- _Dataset section_

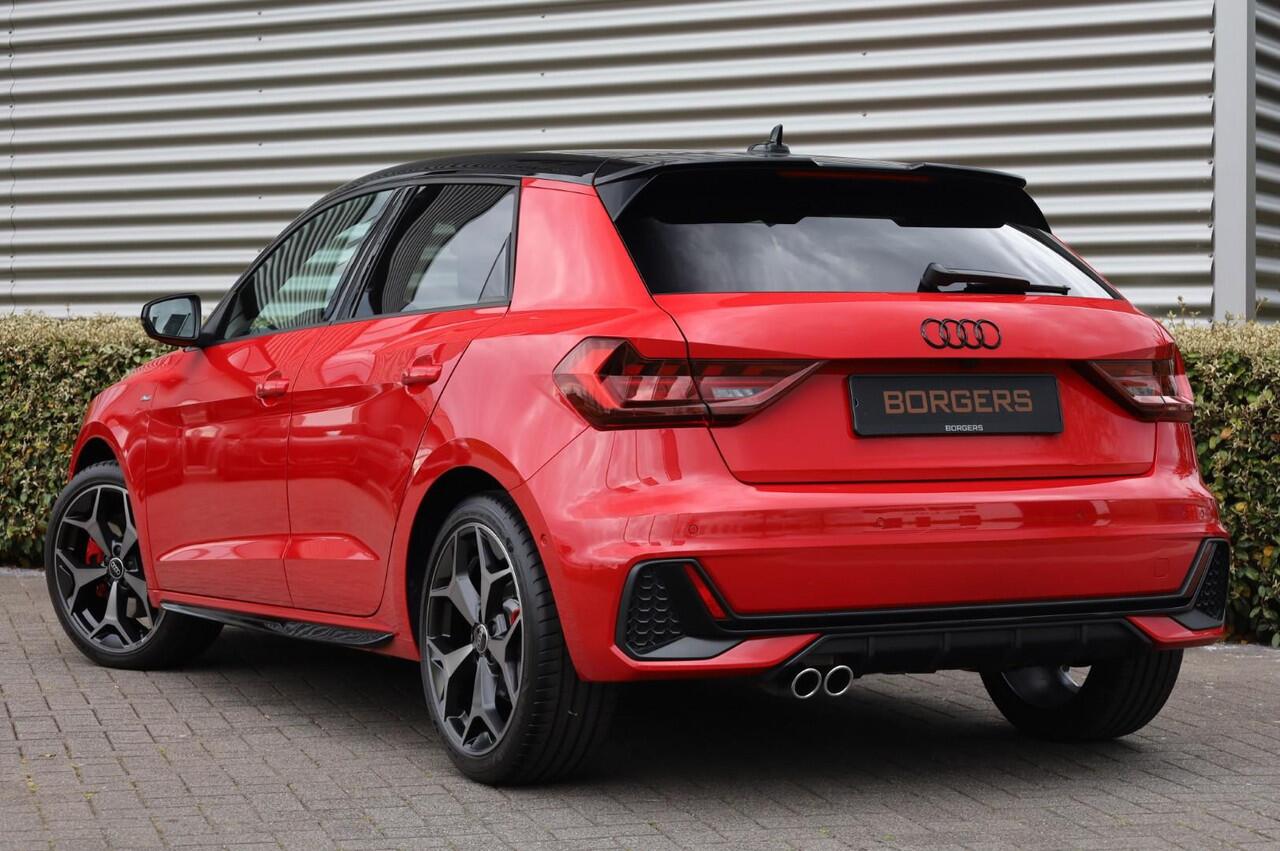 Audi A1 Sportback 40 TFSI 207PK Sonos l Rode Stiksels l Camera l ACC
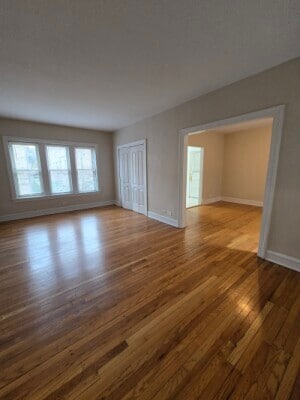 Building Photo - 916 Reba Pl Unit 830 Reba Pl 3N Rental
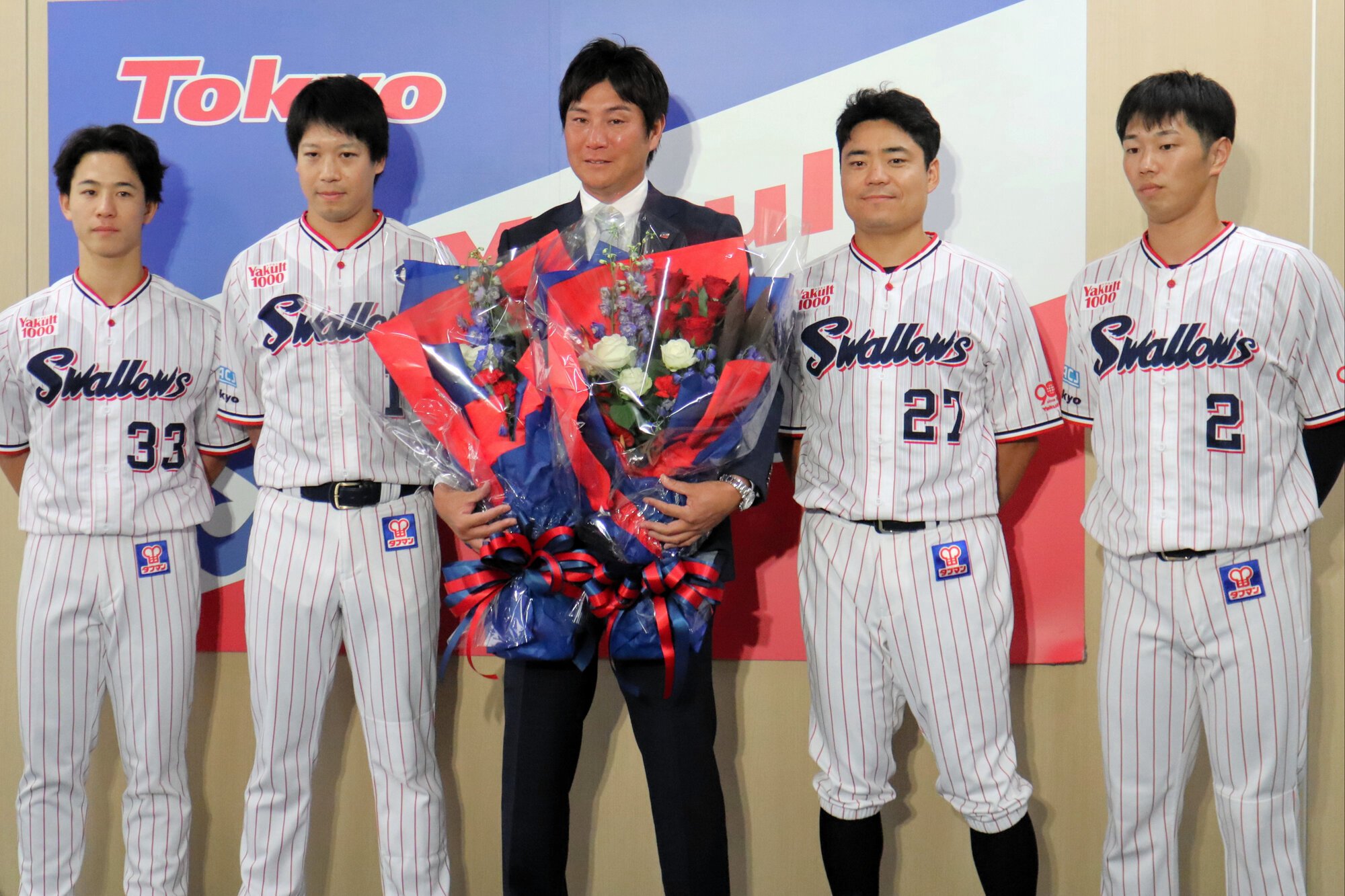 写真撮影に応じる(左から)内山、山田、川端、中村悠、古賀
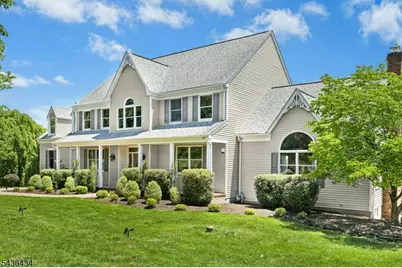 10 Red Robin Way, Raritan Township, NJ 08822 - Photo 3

- _Exercise goal_
The whole listing above, word for word: repeat it with the pictures excluded.

- _Exercise answer_
 Audi A1 Sportback 40 TFSI 207PK Sonos l Rode Stiksels l Camera l ACC
 Building Photo - 916 Reba Pl Unit 830 Reba Pl 3N Rental
 写真撮影に応じる(左から)内山、山田、川端、中村悠、古賀
 10 Red Robin Way, Raritan Township, NJ 08822 - Photo 3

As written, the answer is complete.